Alors, les grosses boîtes se sont servi des comités d'entreprise...pour garder les bons ouvriers qui auraient eu l'envie d'aller voir ailleurs si j'y suis pour être mieux payés. Là, ils pouvaient envoyer leurs gosses à la mer, en colonie de vacances.... Combien de fois on a pu entendre dire " je partirais bien, mais ... y a des avantages ici , le CE, tout ça ..."
"De 1945 à 1952, Le Corbusier construit la Cité radieuse de Marseille, un immeuble d'habitation sous la forme d'un parallélépipède sur pilotis (en forme de piètements évasés à l'aspect rugueux), qui constitue une innovation importante dans la conception architecturale des résidences d'habitations. Dans cet immeuble, il a tenté d'appliquer ses principes d'architecture pour une nouvelle forme de cité en créant un village vertical, composé de 360 appartements en duplex distribués par des rues intérieures.
Édifiée entre 1945 et 1952, située sur le boulevard Michelet de Marseille, près du Stade Vélodrome, cet immeuble est l'une des cinq unités d'habitation construites par Le Corbusier au cours de sa carrière. Essentiellement composée de logements, elle comprend également à mi-hauteur de ses dix-sept niveaux, des bureaux et divers services commerciaux (épicerie, boulangerie, café, hôtel / restaurant, librairie, etc.). Le toit-terrasse de l'unité, libre d'accès au public, est occupé par des équipements publics : une école maternelle, un gymnase, une piste d'athlétisme, une petite piscine et un auditorium en plein air."
Source wikipédia ici :
http://fr.wikipedia.org/wiki/Le_Corbusier
mais tous ces équipements complémentaires, intégrés aux bâtiments pour rendre les habitants "heureux", restèrent l'exception, la majorité des grands "barres" de logements fut construite sans ceux-ci, de plus avec des matériaux de mauvaise qualité qui n'ont pas duré longtemps... mais qui coûtaient pas cher ce qu'aiment particulièrement les patrons... qui à la fin ont tout le temps raison, c'est pas con... :o)))

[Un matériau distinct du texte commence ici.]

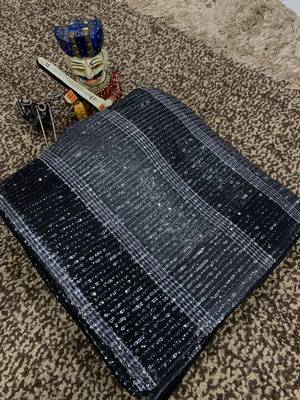 Black Color Sequins Work art silk saree 3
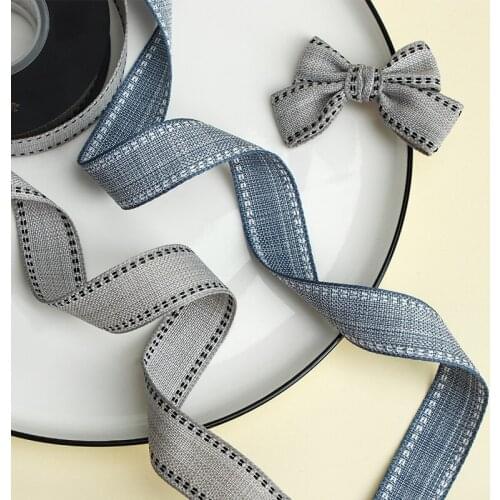 10yards/ Lot 2.2cm wide Stripe Pattern Linen Fabric Layering Cloth Ribbons Handmade Tape DIY bowknot Riband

mauvais esprit, va , Corinne N !!
quand je pense que c'est le Medef d'aujourd'hui qui ose se pencher sur le problème, j'enrage...
Eh bien chez nous (Var) on en construit beaucoup des logements !! (partout et n'importe où) et toc !!
..... pour les vieux retraités qui viennent s'installer au soleil et les touristes friqués.!!!
Les jeunes ? Les travailleurs ? ils partent ou ils crèvent... de faim !!!